How Can Entrepreneurship Be Defined?
This is a loaded question, because I believe there is no true answer. But the stigma that entrepreneurs are either über-rich or complete failures is heinous.
How could we define entrepreneurship in a way that truly did it justice? What does an individual have to be doing to be considered an entrepreneur?
Let’s consider the following:
any individual who is actively working toward making their dream outcome a reality can be an entrepreneur.
Are we O.K. with that?
There will be those who say that the term is thrown around too loosely, and that it should only be reserved for the elite few that actually make it big on this path.
But what about the dreamers that want it just as bad? What about the self-starters that work tirelessly toward these goals, but lack resources to accelerate their progress?

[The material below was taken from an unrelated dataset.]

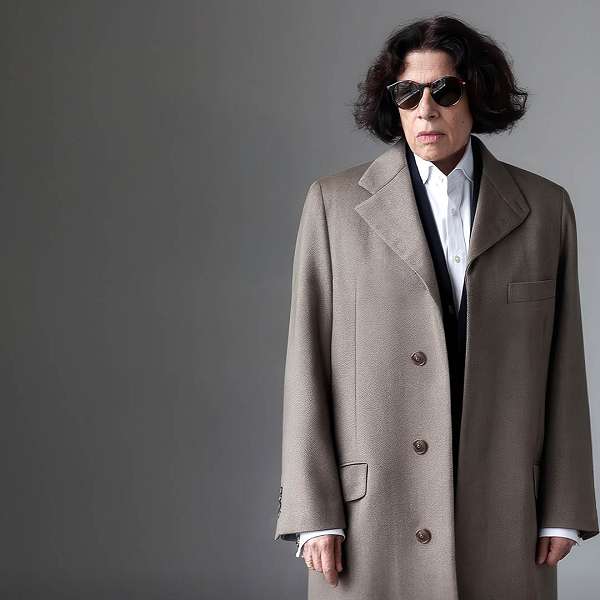 An Evening with Fran Lebowitz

What Are Some of the Different Types of Entrepreneurship?
Let’s start with the easy stuff, and then work our way down a list of increasingly overlooked entrepreneurs.
- Startup founders
- App developers
- Tech investors
- Marketing gurus
- Educators of any kind
And the list goes on and on. The purpose here is to show that it is futile to restrict entrepreneurship to one group of people.
Everyone has the opportunity to side hustle their way to the top of where they would like to be, and isn’t that what it’s really about?
The Power of Aspiring to Become Something Greater
There will be those on our path to chasing our dreams that will doubt and deter.
This can serve either as powerful motivation to plow through and truck forward, or as a depleting stumbling block that stops our progress.
What choice will we make? What do we truly want, and what are we willing to go through to get it?
The journey of becoming an entrepreneur or founder is only meaningful when we aren’t looking to change who we are, but to change who we can help.
You are currently good enough to achieve what you want most. After all, you are the one that dreamed it up in the first place, so who is more qualified than you to make it happen?
Let’s not seek to be different people and change ourselves for the sake of entrepreneurship. Rather, aspire to become an increasingly more refined version of the very “you” that has the desire to achieve your goals.
If you are a young entrepreneur that is looking for a way to break free from the criticism of the “more experienced” hecklers, you could use a friend during this journey.
Instead of tearing people down because they have a dream or ambition or however it may be labeled, let’s bind together as a community of likeminded and kind entrepreneurs.
Let’s work together to get where we want to go separately.